(Web page caption snippets)
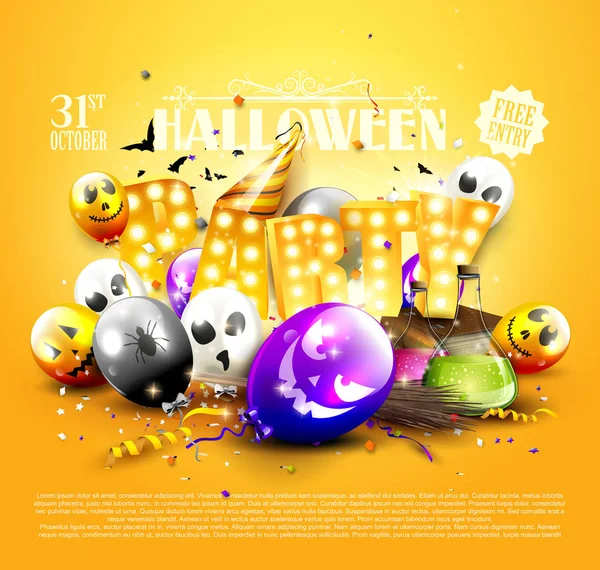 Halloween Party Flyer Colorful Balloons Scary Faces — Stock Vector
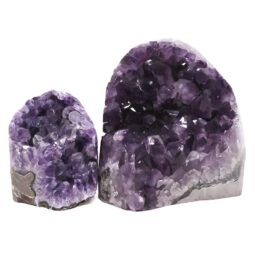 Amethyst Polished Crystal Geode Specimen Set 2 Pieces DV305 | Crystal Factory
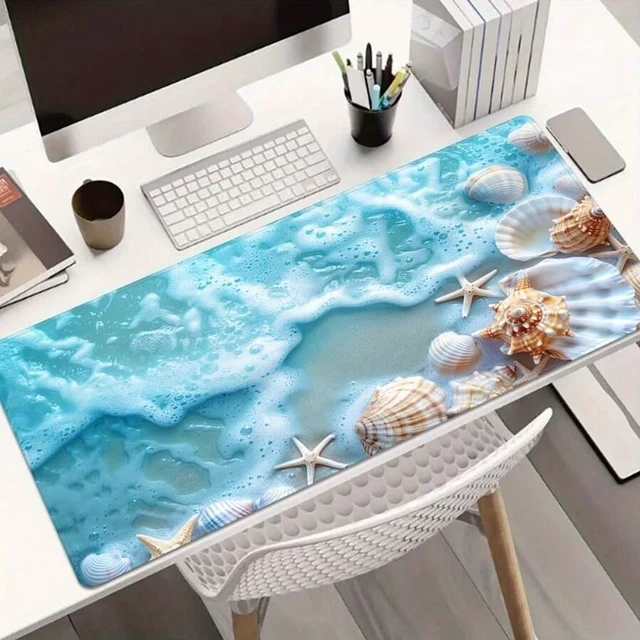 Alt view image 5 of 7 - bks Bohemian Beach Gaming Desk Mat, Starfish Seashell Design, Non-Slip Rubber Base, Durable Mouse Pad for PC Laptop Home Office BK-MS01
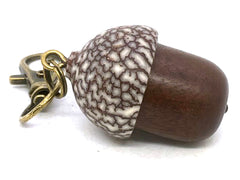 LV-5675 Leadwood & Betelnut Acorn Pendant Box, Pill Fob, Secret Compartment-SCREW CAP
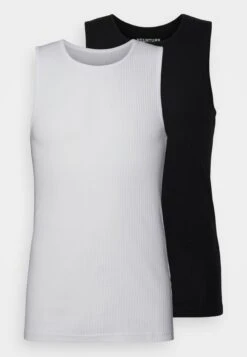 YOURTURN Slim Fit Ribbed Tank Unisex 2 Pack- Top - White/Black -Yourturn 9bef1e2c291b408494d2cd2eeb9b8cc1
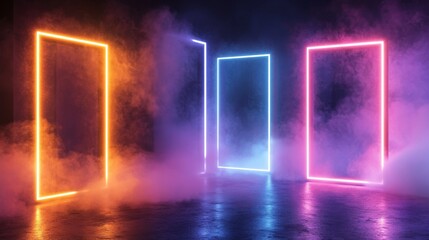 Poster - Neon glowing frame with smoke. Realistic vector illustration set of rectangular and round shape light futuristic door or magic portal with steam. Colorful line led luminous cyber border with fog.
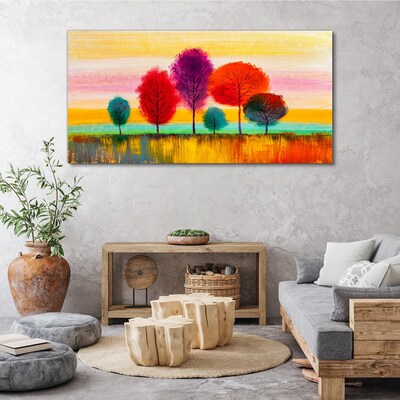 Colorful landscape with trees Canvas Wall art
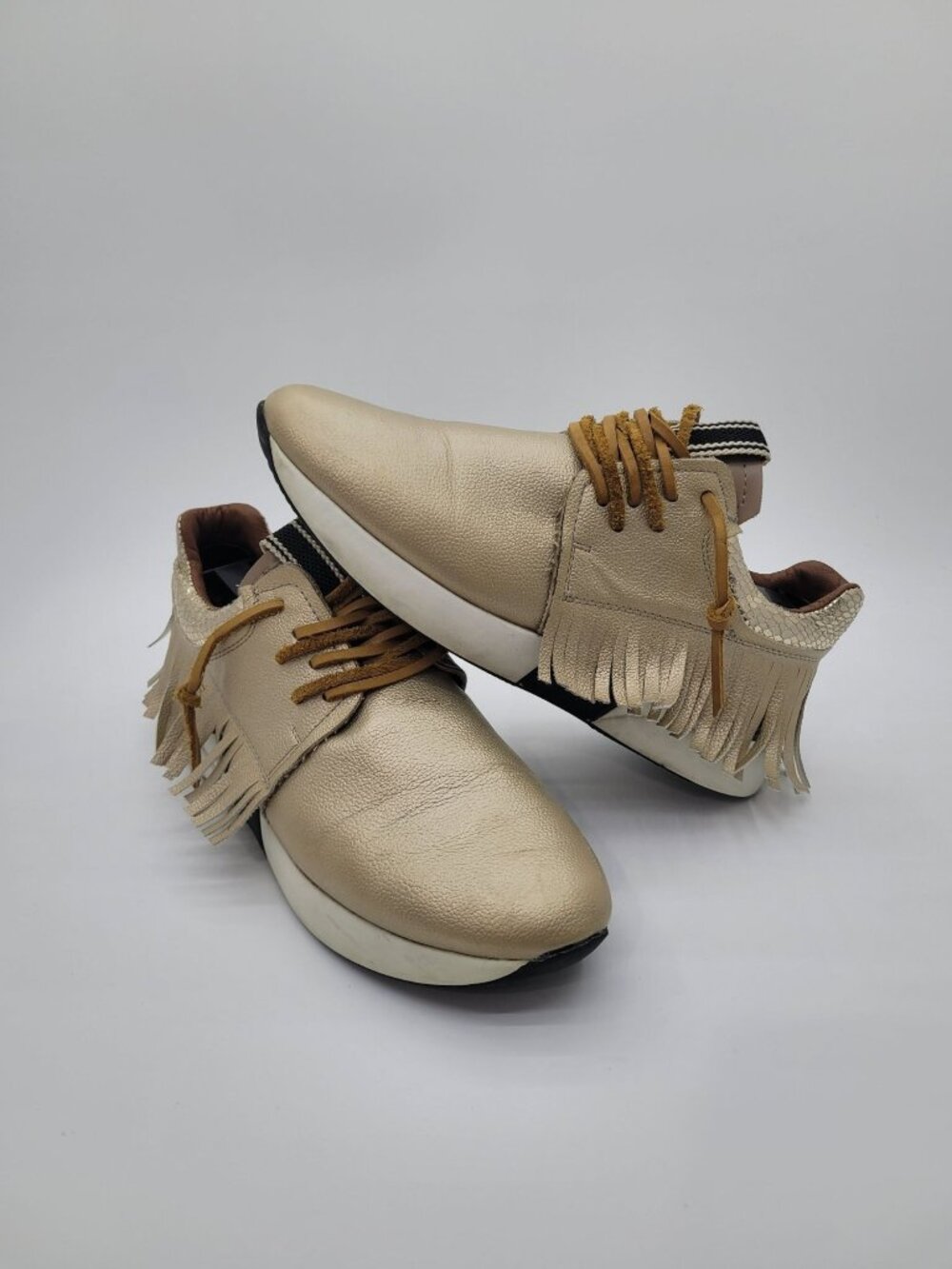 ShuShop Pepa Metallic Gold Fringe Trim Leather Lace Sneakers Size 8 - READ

[Exercise instructions]
Using the records above, return verbatim only the part that opens with the line containing "Poster - Neon" and closes with the line containing "Colorful landscape with"; pictures stay out.

[Expected answer]
 Poster - Neon glowing frame with smoke. Realistic vector illustration set of rectangular and round shape light futuristic door or magic portal with steam. Colorful line led luminous cyber border with fog.
 Colorful landscape with trees Canvas Wall art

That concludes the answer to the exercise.